The accord was greeted warmly by US trade, farm, and business organizations – but condemned by US trucking organizations, a sign the agreement could face trouble in Congress.
Under the agreement, the US will reinstate a pilot program for Mexican truck certification that was introduced under the Bush administration – and defunded by an angry Congress in 2009. Mexico, in turn, will immediately drop half of the tariffs on about 100 US products, with the rest to be removed when Mexican trucks actually start rolling across the border.
“The agreements signed today are a win for roadway safety and they are a win for trade,” said US Transportation Secretary Ray LaHood after signing the documents.

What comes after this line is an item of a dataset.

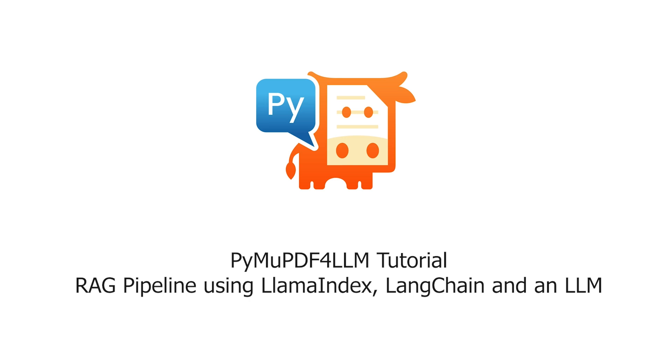In this PuiMu PDF4LM tutorial, we will build a Retrieval Augmented Generation Pipeline with the help of Lama Index, LangChain, and a large language model.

The accord requires all Mexican trucks operating in the US to comply with US safety standards, and it mandates the installation of monitoring devices to track truck usage and compliance with service requirements.
Recognizing the potential for a negative response from Congress, some supporters of Wednesday’s agreement wasted little time with praise and got right on to warnings against attempts to once again sidetrack the resolution.
“We are encouraged there is finally a positive end in sight,” said Bill Reinsch, president of theNational Foreign Trade Council in Washington. But he added, “We urge Congress to refrain from any action that would derail the program or fall short of our commitments under NAFTA.”
Some, who oppose any trucking accord allowing Mexican trucks to come north, continue to hammer at safety concerns.
“Opening the border to dangerous trucks at a time of high unemployment and rampant drug violence is a shameful abandonment of the Department of Transportation’s duty to protect American citizens from harm and to spend American tax dollars responsibly,” said Jim Hoffa, general president of the Teamsters, in a statement. He said the accord “endangers American motorists.”